What Types of Valves Are Used Throughout the System?
| Valve Type | Function | Where Used | Key Spec |
|---|---|---|---|
| Ball Valve | On/off isolation | Main shut-off, fixture stops, water heater inlet | Quarter-turn, Class VI zero leakage |
| Gate Valve | On/off isolation (legacy) | Older main shut-offs, fire sprinkler systems | Multi-turn, Class IV leakage |
| Check Valve | Prevent backflow | Sump pump discharge, irrigation tie-ins, boiler return | Swing or spring type, prevents reverse flow |
| TPR Valve | Safety relief | Water heater (temp > 210°F or pressure > 150 PSI) | ASME/ASSE 1002 rated |
| PRV (Pressure Reducing Valve) | Regulate incoming pressure | After main shut-off (if city pressure > 80 PSI) | Adjustable, typically set to 50-60 PSI |
Where Most Systems Fail (And How to Prevent It)

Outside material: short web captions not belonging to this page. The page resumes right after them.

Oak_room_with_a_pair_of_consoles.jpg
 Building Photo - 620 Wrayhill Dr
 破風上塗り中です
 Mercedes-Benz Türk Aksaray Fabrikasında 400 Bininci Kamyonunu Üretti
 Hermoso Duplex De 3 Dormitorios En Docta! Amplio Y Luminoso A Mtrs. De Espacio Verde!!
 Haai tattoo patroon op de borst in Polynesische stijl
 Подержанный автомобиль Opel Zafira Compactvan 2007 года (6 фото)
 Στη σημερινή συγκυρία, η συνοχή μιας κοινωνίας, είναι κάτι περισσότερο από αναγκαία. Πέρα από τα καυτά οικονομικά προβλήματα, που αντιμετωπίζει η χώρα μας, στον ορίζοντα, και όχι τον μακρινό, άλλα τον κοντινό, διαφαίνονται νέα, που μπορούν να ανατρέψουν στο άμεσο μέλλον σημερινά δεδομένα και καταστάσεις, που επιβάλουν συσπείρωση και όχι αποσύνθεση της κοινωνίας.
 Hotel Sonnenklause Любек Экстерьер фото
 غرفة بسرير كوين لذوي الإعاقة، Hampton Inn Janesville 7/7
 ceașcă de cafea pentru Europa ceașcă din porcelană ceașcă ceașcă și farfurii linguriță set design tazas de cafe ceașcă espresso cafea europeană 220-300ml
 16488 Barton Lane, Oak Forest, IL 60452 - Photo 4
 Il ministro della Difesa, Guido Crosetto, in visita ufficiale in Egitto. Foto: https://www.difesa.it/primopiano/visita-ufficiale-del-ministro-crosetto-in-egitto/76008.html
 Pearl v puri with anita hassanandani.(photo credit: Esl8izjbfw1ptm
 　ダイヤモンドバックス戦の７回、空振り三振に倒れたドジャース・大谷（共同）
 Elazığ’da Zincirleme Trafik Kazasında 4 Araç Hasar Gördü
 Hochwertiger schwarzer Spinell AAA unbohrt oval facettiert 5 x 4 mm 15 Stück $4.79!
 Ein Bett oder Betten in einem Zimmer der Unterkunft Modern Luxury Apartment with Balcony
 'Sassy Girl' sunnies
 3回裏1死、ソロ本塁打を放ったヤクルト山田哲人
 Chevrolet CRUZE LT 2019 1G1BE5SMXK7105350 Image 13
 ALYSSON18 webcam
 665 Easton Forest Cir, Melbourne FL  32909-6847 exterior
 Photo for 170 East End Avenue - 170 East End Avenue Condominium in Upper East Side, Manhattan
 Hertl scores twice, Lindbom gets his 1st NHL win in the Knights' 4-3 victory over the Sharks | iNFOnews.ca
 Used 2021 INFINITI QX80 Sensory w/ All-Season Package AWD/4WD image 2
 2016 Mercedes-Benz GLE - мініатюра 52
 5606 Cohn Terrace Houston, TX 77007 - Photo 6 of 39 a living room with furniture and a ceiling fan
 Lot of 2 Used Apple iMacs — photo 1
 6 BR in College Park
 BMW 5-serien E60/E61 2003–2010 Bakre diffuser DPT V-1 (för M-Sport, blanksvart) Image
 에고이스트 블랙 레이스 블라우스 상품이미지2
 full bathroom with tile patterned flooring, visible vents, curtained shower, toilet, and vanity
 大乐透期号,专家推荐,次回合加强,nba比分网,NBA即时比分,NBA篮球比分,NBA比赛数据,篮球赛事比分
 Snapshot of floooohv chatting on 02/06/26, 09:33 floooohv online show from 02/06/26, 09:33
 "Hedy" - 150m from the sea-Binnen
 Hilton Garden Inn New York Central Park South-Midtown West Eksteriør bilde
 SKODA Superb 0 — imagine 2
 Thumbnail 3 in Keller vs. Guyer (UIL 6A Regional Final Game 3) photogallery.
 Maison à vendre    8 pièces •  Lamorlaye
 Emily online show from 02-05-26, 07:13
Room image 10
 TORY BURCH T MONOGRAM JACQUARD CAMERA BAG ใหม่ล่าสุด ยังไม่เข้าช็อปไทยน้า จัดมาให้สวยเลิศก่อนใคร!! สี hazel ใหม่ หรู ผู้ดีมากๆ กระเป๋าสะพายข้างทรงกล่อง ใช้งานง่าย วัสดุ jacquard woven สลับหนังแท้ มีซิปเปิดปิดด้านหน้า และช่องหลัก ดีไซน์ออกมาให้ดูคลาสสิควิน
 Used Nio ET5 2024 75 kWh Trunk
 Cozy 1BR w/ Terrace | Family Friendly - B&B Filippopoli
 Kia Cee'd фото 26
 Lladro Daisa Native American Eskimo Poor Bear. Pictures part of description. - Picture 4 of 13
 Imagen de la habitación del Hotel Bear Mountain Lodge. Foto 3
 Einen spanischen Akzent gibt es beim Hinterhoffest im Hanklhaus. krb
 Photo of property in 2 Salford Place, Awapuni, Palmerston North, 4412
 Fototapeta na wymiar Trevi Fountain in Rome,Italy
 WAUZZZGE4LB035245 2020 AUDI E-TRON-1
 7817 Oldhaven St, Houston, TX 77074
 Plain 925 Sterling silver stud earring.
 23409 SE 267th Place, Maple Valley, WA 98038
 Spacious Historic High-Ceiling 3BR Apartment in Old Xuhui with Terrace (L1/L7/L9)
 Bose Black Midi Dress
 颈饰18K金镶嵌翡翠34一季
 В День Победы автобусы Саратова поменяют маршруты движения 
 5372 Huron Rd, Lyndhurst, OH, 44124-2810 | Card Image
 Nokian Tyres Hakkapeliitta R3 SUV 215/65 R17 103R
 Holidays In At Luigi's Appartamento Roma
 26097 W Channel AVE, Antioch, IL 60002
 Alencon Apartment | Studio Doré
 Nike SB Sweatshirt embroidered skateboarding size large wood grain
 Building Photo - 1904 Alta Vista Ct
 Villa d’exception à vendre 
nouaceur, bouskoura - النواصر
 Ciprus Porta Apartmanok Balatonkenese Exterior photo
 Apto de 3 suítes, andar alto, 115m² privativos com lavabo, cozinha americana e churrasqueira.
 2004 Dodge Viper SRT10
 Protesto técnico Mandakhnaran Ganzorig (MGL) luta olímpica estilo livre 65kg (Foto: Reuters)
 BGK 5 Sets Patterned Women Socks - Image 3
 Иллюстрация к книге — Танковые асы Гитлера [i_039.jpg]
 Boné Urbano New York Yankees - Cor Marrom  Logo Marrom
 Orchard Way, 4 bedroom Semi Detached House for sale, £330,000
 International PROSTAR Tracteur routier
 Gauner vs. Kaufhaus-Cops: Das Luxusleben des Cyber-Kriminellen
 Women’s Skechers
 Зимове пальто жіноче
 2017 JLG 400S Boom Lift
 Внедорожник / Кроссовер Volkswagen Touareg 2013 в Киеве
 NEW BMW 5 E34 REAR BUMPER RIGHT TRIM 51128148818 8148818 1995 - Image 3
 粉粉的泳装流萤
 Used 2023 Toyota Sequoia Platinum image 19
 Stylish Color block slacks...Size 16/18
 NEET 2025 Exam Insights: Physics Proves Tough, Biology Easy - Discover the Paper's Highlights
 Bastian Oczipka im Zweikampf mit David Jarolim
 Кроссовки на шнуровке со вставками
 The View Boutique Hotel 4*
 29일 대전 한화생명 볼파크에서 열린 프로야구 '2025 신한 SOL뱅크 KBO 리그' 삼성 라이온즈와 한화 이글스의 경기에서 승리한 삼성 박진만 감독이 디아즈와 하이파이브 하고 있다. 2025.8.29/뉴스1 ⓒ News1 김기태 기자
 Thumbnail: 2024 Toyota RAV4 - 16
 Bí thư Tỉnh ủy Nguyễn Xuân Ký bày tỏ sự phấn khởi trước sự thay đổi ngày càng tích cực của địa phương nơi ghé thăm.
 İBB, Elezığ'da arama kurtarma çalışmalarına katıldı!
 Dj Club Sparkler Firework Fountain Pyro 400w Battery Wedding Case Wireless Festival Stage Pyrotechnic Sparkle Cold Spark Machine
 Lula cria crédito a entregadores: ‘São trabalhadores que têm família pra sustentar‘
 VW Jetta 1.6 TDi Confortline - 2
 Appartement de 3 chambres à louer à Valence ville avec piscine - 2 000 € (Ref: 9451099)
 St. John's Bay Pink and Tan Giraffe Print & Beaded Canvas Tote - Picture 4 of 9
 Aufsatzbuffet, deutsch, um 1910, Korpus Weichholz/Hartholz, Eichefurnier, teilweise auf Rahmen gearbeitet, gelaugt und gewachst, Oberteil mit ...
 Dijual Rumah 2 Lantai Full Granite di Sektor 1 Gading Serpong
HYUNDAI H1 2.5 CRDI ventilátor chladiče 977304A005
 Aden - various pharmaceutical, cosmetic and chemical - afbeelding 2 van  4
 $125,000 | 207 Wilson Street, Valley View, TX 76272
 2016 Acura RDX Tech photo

Insurance data shows water damage is the second most common homeowner claim in the U.S. Most failures aren't dramatic pipe bursts — they're slow, preventable failures at valve and connection points.
1. Pressure Issues
Municipal water pressure fluctuates between 40-100+ PSI. Pressure above 80 PSI accelerates wear on every connection, valve seat, and fixture in your system. Symptoms: dripping faucets, running toilets, water hammer noise, and premature appliance failure. Solution: Install a pressure reducing valve (PRV) after the main shut-off, set to 50-60 PSI.
2. Temperature Instability
A water heater without a functioning TPR valve or with a failed thermostat can overheat water to dangerous levels. Excessive temperature also accelerates pipe corrosion and scale buildup. Solution: Test the TPR valve annually (lift the lever — water should discharge and stop when released). Set the thermostat to 120°F (49°C) — hot enough to prevent Legionella bacteria, cool enough to reduce scalding risk and energy waste.
3. System Imbalance
Older homes with a mix of pipe materials (copper, galvanized steel, PEX) can develop galvanic corrosion at dissimilar-metal joints. Corroded gate valves that can't close. Partially blocked vent stacks that cause slow drains. Dried-out P-traps that let sewer gas in. These aren't one-time events — they're cumulative. Solution: Annual plumbing inspection with valve exercise (open/close every shut-off valve once a year to prevent seizure).